Let’s also assume that in addition to Nebraska and Missouri, the Big Ten also adds Notre Dame.  Then the question is whether the Big Ten would be happy with 14 or would like to expand to 16.  If they want 16, the guess is that they will further raid the Big East adding Syracuse and either Pittsburgh, Rutgers, or West Virginia.  That would then set in motion the beginning of the end of the Big East.

The ACC would not be free of pillaging either as the SEC will not stand idly by.  If the other conference go to 16 teams, the SEC will follow suit.  So who becomes the SEC’s next four?  Assuming A&M does NOT join the SEC, the selection is easy.  First, Florida State and Georgia Tech make the most geographical sense.  Also, Clemson makes some sense as well.  The final team comes down to either Miami or Louisville.  My guess is Louisville will be that final team, because the ACC will make sure Miami stays. 

The ACC will then pick apart the rest of the Big East adding South Florida, the two losers in the Big Ten Beauty contest of Pitt, West Virginia, and Rutgers, Connecticut, and Cincinnati to reach 14.  Throw in Georgetown and Villanova in Basketball and you now have 16 for Basketball.  The remaining Big East schools (which only play conference Basketball) would realign to the Atlantic 10, Horizon (Marquette), or Conference USA.

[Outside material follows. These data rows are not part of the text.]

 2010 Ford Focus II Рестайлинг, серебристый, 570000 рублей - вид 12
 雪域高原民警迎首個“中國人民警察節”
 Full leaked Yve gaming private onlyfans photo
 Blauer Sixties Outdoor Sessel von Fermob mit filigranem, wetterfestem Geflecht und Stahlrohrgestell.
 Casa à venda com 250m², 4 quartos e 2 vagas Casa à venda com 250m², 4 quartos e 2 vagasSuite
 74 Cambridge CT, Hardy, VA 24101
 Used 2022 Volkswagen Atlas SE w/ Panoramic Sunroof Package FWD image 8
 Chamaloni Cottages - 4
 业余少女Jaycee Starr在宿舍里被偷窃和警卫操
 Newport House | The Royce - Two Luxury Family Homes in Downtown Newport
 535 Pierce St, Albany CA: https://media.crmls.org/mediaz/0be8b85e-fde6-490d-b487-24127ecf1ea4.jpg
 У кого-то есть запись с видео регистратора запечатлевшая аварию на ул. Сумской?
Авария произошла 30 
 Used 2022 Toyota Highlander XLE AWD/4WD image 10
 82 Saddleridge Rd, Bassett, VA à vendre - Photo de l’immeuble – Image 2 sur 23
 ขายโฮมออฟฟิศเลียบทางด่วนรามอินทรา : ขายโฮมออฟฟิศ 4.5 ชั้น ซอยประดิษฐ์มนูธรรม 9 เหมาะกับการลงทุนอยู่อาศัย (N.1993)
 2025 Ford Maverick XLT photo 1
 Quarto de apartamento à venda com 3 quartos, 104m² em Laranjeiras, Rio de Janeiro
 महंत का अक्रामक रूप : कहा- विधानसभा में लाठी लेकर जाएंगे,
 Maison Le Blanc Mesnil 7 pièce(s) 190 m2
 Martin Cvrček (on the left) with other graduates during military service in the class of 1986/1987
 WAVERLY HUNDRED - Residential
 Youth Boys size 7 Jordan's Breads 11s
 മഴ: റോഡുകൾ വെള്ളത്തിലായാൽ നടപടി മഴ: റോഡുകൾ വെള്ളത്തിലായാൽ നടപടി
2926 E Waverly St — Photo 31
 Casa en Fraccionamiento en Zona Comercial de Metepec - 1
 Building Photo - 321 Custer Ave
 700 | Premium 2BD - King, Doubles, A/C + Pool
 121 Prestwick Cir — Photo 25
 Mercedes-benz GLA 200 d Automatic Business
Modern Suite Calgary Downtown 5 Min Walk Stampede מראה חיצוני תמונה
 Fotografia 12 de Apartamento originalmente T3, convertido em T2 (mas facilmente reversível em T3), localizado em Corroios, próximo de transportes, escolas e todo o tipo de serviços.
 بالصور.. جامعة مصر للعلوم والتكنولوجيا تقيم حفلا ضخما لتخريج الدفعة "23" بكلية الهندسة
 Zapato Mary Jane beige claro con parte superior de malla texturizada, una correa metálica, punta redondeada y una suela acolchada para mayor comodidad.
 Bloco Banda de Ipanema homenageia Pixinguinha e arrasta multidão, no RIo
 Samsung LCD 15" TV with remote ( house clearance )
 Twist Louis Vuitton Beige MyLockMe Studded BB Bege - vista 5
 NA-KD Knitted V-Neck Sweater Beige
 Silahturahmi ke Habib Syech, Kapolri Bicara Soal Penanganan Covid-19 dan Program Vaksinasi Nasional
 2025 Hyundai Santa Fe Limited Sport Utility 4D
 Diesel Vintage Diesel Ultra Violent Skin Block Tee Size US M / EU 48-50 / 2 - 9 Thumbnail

Whether this new group of super-conferences (ACC, SEC, Big 16, and Pac 16, plus a super-size Mountain West) will help or hurt NCAA Sports remain to be seen.  Still, what is going to happen in the next few years will prove interesting.

Saturday, June 5, 2010

Is Thomas Wolfe Right?

Thomas Wolfe (the writer from the early part of the 20th century) summed it up nicely in the words of his character George Webber: "You can't go back home to your family, back home to your childhood ... back home to a young man's dreams of glory and of fame ... back home to places in the country, back home to the old forms and systems of things which once seemed everlasting but which are changing all the time — back home to the escapes of Time and Memory."

It's been over four years since I last went home to Georgia. In those four plus years, a lot has changed in my life and in the life of Snellville (from what I can gather). From my perspective, I've gotten married, traveled across much of this great country and around the world, experienced locations I've never been to, and become a father. From Snellville's perspective, new shopping locations, a new city hall, a more decentralized downtown, and a changing, more diverse population has given the town a new look and feel.

How will I feel when I return to Snellville this September? The Snellville I knew and loved as a kid is forever gone, replaced by this new larger version of an Atlanta suburb. Joshua and Liz will never see what I saw in the town that made this city great. No Snellville Day parades going down Main Street. No rural farmland just outside of town. No small town feel. A high school that has completely changed. I can only convey how this town looked in the 1980s as I grew up without showing it. And what will the people who remember me as a kid think of me upon my return now that I am a father and husband? They'll see certain flashes of the old me, but it will be a person shaped by years of Chicago and Baltimore experiences and not Snellville ones.

One thing is for sure: this will be the most interesting trip I have ever had going back to the town I grew up in.